What the task requires ▸
Write out the entries below once more, exactly, with the pictures left out.

----

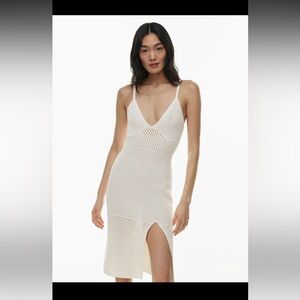 Wilfred
Evie Midi Dress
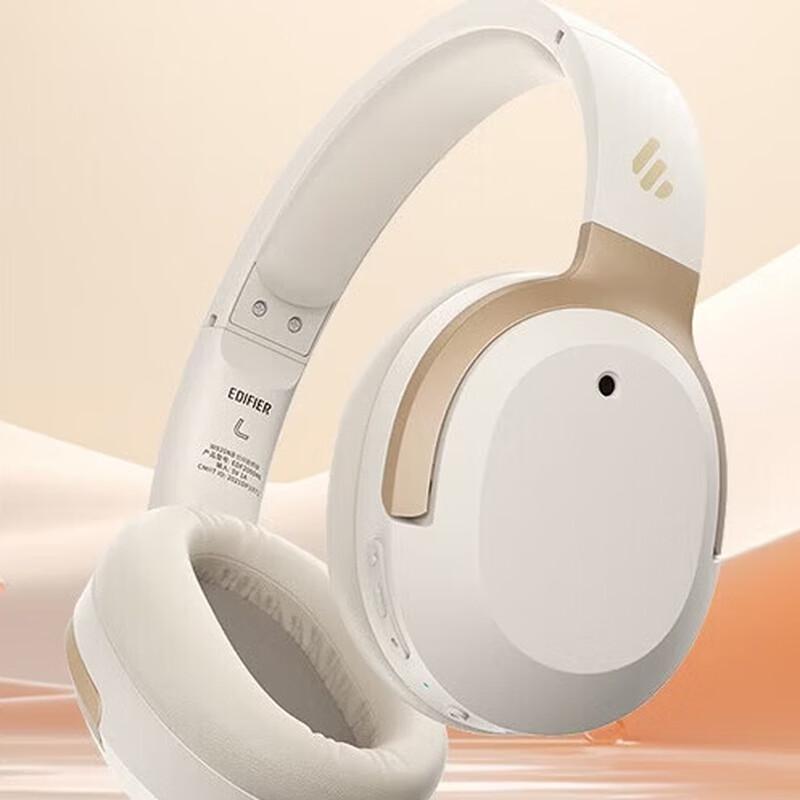 

EDIFIER W820NB Spatial Audio Over-Ear ANC Bluetooth Headphones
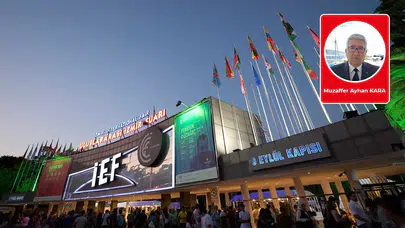 Muzaffer Ayhan Kara yazdı: İEF, “Fuar şehrin kalbinde” belgisiyle kapılarını açıyor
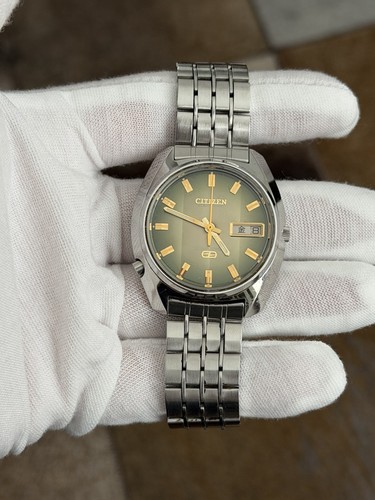 Raro orologio vintage citizen - raro,
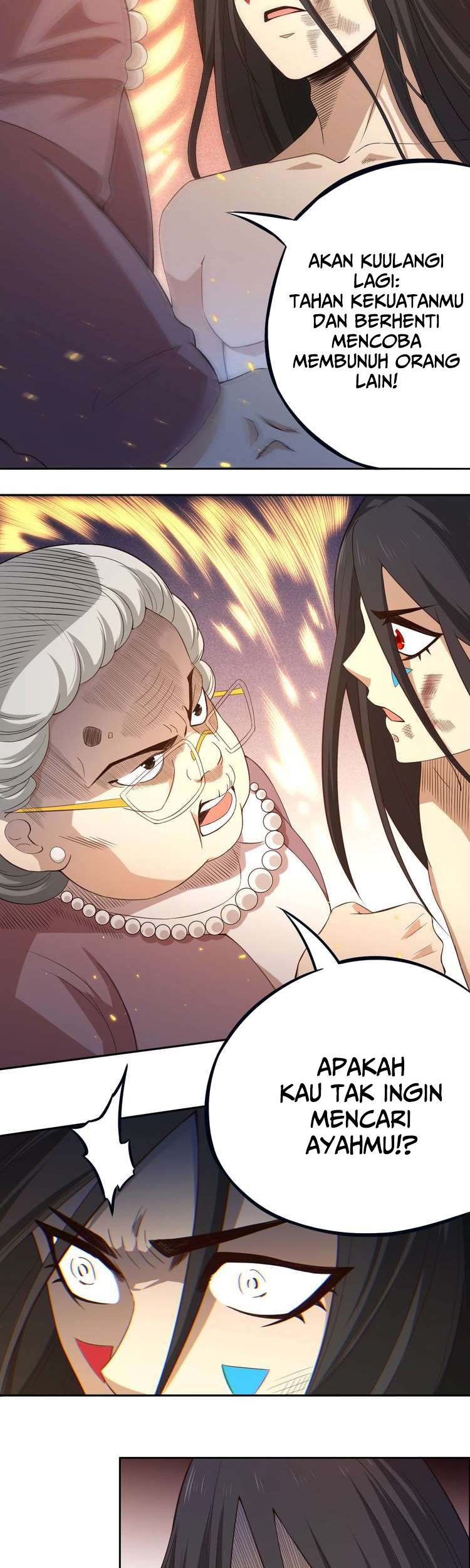 Ultimate Soldier Chapter 65 Gambar 10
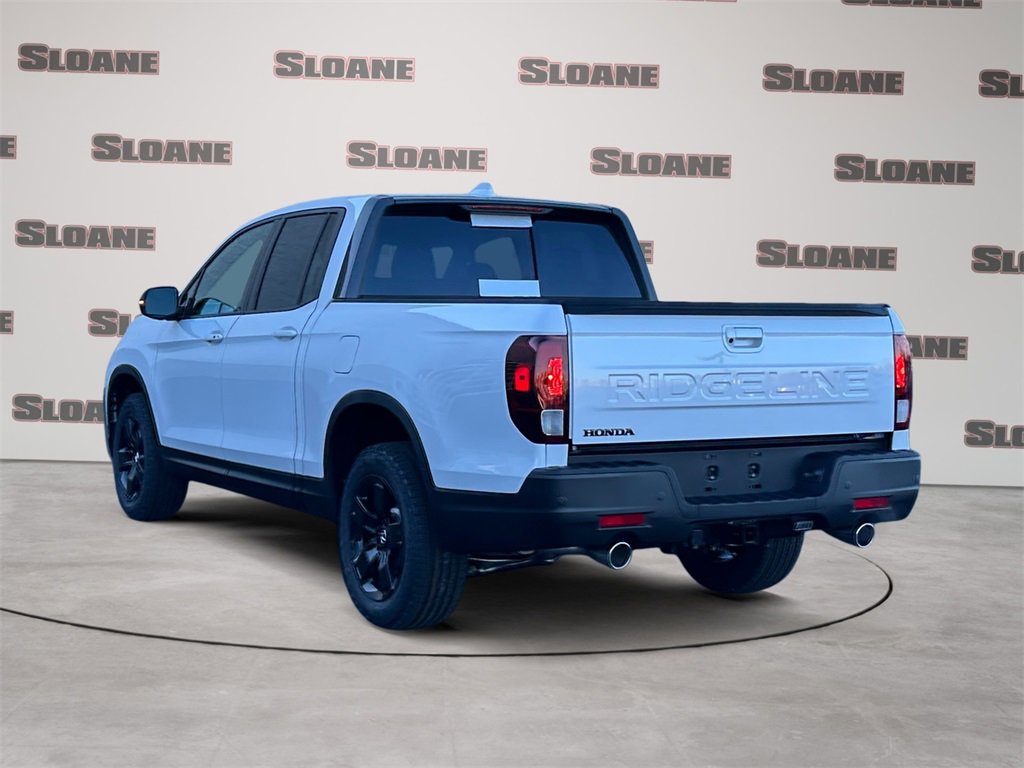 New 2026 Honda Ridgeline Black Edition image 3
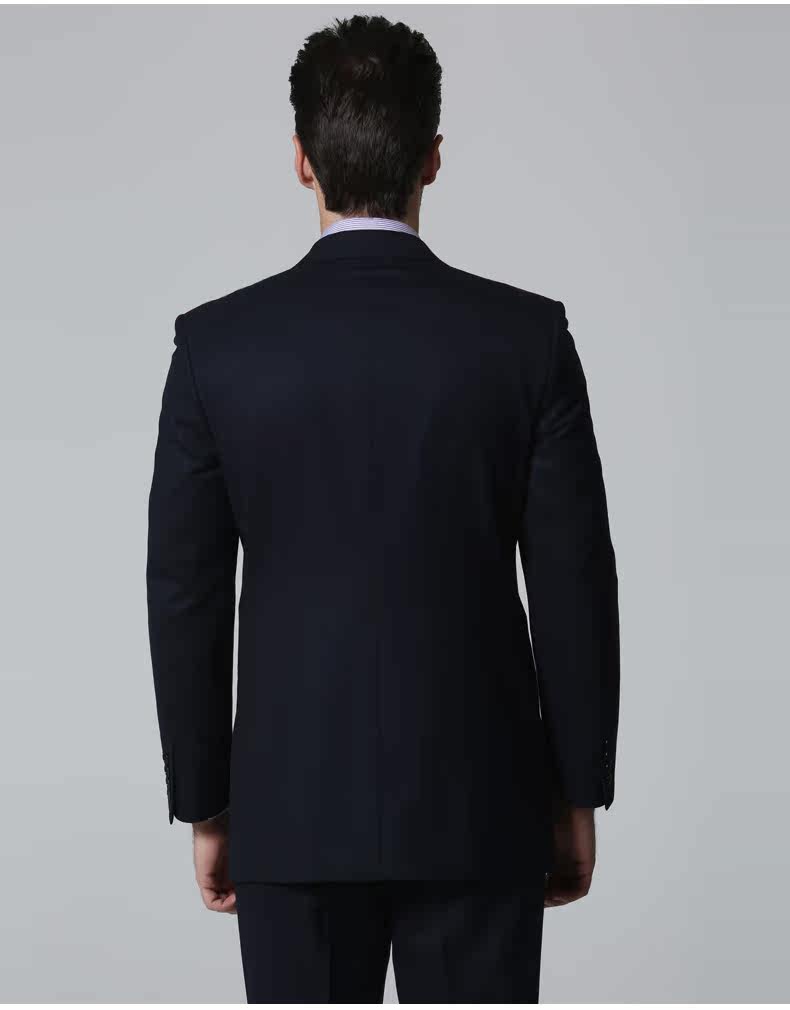 Costume homme MAILYARD en laine pour automne - Ref 1565749 Image 24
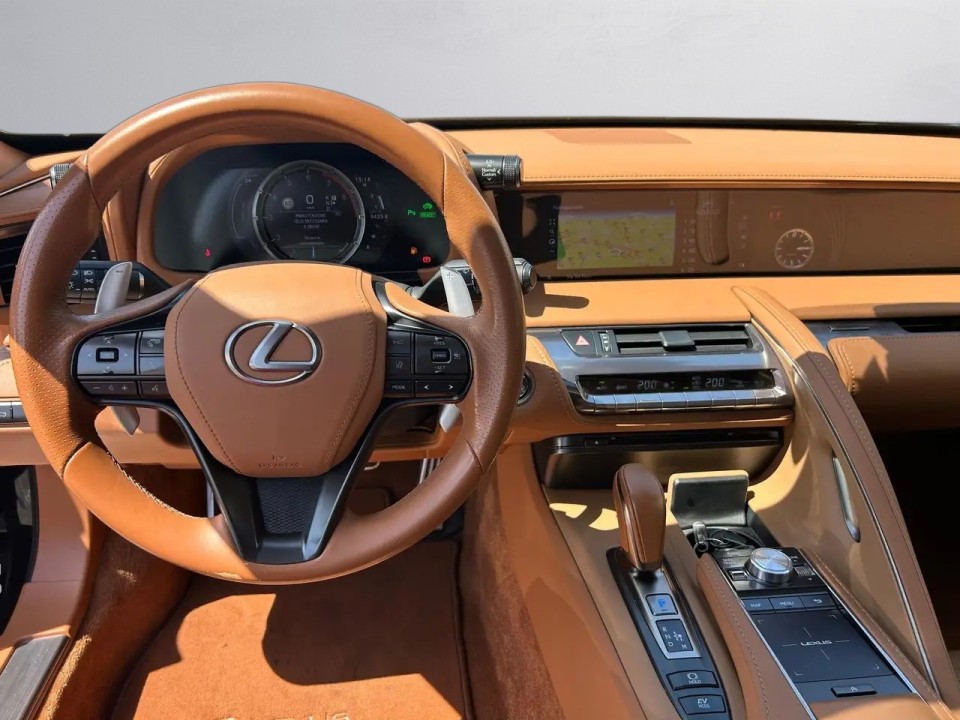 LEXUS LC 2023 — imagine 20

----

Solution to this task ▸
 Wilfred
Evie Midi Dress

EDIFIER W820NB Spatial Audio Over-Ear ANC Bluetooth Headphones
 Muzaffer Ayhan Kara yazdı: İEF, “Fuar şehrin kalbinde” belgisiyle kapılarını açıyor
 Raro orologio vintage citizen - raro,
 Ultimate Soldier Chapter 65 Gambar 10
 New 2026 Honda Ridgeline Black Edition image 3
 Costume homme MAILYARD en laine pour automne - Ref 1565749 Image 24
 LEXUS LC 2023 — imagine 20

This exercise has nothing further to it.